## Problem statement
Please repeat the listing in its entirety, without any alteration.

## Records to use
===

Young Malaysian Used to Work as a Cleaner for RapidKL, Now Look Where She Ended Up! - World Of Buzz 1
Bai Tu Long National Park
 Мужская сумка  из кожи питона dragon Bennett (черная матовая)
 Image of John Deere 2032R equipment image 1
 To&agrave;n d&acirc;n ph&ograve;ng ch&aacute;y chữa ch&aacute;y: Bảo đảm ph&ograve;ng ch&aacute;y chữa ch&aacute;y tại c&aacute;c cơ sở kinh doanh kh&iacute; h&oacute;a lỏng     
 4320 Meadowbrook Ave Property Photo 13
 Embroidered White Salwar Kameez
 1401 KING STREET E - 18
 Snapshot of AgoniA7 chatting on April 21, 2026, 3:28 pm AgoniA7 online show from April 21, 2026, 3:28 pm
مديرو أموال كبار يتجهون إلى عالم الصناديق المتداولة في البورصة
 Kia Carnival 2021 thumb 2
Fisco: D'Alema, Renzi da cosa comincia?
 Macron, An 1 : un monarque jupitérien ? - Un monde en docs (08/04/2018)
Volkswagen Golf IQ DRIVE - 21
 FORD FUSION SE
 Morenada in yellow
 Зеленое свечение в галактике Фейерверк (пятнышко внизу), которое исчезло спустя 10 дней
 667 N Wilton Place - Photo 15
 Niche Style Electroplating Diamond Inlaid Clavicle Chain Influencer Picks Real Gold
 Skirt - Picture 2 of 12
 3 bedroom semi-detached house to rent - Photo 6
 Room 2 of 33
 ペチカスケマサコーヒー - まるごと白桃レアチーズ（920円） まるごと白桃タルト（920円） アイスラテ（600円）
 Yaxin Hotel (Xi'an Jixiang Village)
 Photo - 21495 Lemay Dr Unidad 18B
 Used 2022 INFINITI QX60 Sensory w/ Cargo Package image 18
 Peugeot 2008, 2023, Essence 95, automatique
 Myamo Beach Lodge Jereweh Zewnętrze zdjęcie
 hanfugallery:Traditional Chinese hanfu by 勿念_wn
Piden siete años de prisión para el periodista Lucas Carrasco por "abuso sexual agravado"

===

## Result for this task
Young Malaysian Used to Work as a Cleaner for RapidKL, Now Look Where She Ended Up! - World Of Buzz 1
Bai Tu Long National Park
 Мужская сумка  из кожи питона dragon Bennett (черная матовая)
 Image of John Deere 2032R equipment image 1
 To&agrave;n d&acirc;n ph&ograve;ng ch&aacute;y chữa ch&aacute;y: Bảo đảm ph&ograve;ng ch&aacute;y chữa ch&aacute;y tại c&aacute;c cơ sở kinh doanh kh&iacute; h&oacute;a lỏng     
 4320 Meadowbrook Ave Property Photo 13
 Embroidered White Salwar Kameez
 1401 KING STREET E - 18
 Snapshot of AgoniA7 chatting on April 21, 2026, 3:28 pm AgoniA7 online show from April 21, 2026, 3:28 pm
مديرو أموال كبار يتجهون إلى عالم الصناديق المتداولة في البورصة
 Kia Carnival 2021 thumb 2
Fisco: D'Alema, Renzi da cosa comincia?
 Macron, An 1 : un monarque jupitérien ? - Un monde en docs (08/04/2018)
Volkswagen Golf IQ DRIVE - 21
 FORD FUSION SE
 Morenada in yellow
 Зеленое свечение в галактике Фейерверк (пятнышко внизу), которое исчезло спустя 10 дней
 667 N Wilton Place - Photo 15
 Niche Style Electroplating Diamond Inlaid Clavicle Chain Influencer Picks Real Gold
 Skirt - Picture 2 of 12
 3 bedroom semi-detached house to rent - Photo 6
 Room 2 of 33
 ペチカスケマサコーヒー - まるごと白桃レアチーズ（920円） まるごと白桃タルト（920円） アイスラテ（600円）
 Yaxin Hotel (Xi'an Jixiang Village)
 Photo - 21495 Lemay Dr Unidad 18B
 Used 2022 INFINITI QX60 Sensory w/ Cargo Package image 18
 Peugeot 2008, 2023, Essence 95, automatique
 Myamo Beach Lodge Jereweh Zewnętrze zdjęcie
 hanfugallery:Traditional Chinese hanfu by 勿念_wn
Piden siete años de prisión para el periodista Lucas Carrasco por "abuso sexual agravado"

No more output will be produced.